All the data must be output exactly as given.
DATA FOR REVIEW: Begin
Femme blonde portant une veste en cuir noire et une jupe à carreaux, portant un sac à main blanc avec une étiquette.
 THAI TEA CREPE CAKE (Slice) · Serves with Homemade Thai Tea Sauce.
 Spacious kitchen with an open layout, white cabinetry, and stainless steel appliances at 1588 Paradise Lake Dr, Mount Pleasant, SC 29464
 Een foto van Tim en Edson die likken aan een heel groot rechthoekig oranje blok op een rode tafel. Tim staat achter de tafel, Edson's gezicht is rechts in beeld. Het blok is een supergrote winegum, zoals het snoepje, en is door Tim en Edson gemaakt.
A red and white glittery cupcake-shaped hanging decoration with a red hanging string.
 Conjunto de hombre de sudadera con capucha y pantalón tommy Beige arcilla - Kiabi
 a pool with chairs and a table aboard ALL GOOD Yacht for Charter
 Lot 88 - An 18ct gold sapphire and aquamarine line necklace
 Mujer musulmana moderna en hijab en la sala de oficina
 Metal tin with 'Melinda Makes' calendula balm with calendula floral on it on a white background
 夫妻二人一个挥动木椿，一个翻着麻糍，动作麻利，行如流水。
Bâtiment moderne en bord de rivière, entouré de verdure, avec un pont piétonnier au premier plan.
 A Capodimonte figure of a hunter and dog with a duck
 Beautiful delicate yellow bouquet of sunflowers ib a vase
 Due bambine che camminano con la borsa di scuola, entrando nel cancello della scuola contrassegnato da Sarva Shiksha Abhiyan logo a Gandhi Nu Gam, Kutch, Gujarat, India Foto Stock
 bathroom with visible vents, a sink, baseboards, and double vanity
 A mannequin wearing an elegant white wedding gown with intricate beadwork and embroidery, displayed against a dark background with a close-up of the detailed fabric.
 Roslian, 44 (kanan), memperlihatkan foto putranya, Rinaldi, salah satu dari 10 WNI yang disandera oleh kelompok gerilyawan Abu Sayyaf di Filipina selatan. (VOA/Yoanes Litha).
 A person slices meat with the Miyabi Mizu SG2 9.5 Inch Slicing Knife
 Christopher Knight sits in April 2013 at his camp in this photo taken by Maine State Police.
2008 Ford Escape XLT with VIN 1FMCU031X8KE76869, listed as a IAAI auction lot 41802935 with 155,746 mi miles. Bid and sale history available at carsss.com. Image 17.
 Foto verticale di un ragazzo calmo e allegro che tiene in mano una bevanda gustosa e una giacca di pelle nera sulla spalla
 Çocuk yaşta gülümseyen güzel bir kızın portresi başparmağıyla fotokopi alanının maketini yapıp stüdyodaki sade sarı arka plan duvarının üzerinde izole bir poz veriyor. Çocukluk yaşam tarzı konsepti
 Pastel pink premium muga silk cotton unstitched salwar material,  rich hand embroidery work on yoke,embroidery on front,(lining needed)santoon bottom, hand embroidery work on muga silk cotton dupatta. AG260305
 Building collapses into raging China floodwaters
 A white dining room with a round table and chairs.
DATA FOR REVIEW: End
- ANSWER TO THE EXERCISE
Femme blonde portant une veste en cuir noire et une jupe à carreaux, portant un sac à main blanc avec une étiquette.
 THAI TEA CREPE CAKE (Slice) · Serves with Homemade Thai Tea Sauce.
 Spacious kitchen with an open layout, white cabinetry, and stainless steel appliances at 1588 Paradise Lake Dr, Mount Pleasant, SC 29464
 Een foto van Tim en Edson die likken aan een heel groot rechthoekig oranje blok op een rode tafel. Tim staat achter de tafel, Edson's gezicht is rechts in beeld. Het blok is een supergrote winegum, zoals het snoepje, en is door Tim en Edson gemaakt.
A red and white glittery cupcake-shaped hanging decoration with a red hanging string.
 Conjunto de hombre de sudadera con capucha y pantalón tommy Beige arcilla - Kiabi
 a pool with chairs and a table aboard ALL GOOD Yacht for Charter
 Lot 88 - An 18ct gold sapphire and aquamarine line necklace
 Mujer musulmana moderna en hijab en la sala de oficina
 Metal tin with 'Melinda Makes' calendula balm with calendula floral on it on a white background
 夫妻二人一个挥动木椿，一个翻着麻糍，动作麻利，行如流水。
Bâtiment moderne en bord de rivière, entouré de verdure, avec un pont piétonnier au premier plan.
 A Capodimonte figure of a hunter and dog with a duck
 Beautiful delicate yellow bouquet of sunflowers ib a vase
 Due bambine che camminano con la borsa di scuola, entrando nel cancello della scuola contrassegnato da Sarva Shiksha Abhiyan logo a Gandhi Nu Gam, Kutch, Gujarat, India Foto Stock
 bathroom with visible vents, a sink, baseboards, and double vanity
 A mannequin wearing an elegant white wedding gown with intricate beadwork and embroidery, displayed against a dark background with a close-up of the detailed fabric.
 Roslian, 44 (kanan), memperlihatkan foto putranya, Rinaldi, salah satu dari 10 WNI yang disandera oleh kelompok gerilyawan Abu Sayyaf di Filipina selatan. (VOA/Yoanes Litha).
 A person slices meat with the Miyabi Mizu SG2 9.5 Inch Slicing Knife
 Christopher Knight sits in April 2013 at his camp in this photo taken by Maine State Police.
2008 Ford Escape XLT with VIN 1FMCU031X8KE76869, listed as a IAAI auction lot 41802935 with 155,746 mi miles. Bid and sale history available at carsss.com. Image 17.
 Foto verticale di un ragazzo calmo e allegro che tiene in mano una bevanda gustosa e una giacca di pelle nera sulla spalla
 Çocuk yaşta gülümseyen güzel bir kızın portresi başparmağıyla fotokopi alanının maketini yapıp stüdyodaki sade sarı arka plan duvarının üzerinde izole bir poz veriyor. Çocukluk yaşam tarzı konsepti
 Pastel pink premium muga silk cotton unstitched salwar material,  rich hand embroidery work on yoke,embroidery on front,(lining needed)santoon bottom, hand embroidery work on muga silk cotton dupatta. AG260305
 Building collapses into raging China floodwaters
 A white dining room with a round table and chairs.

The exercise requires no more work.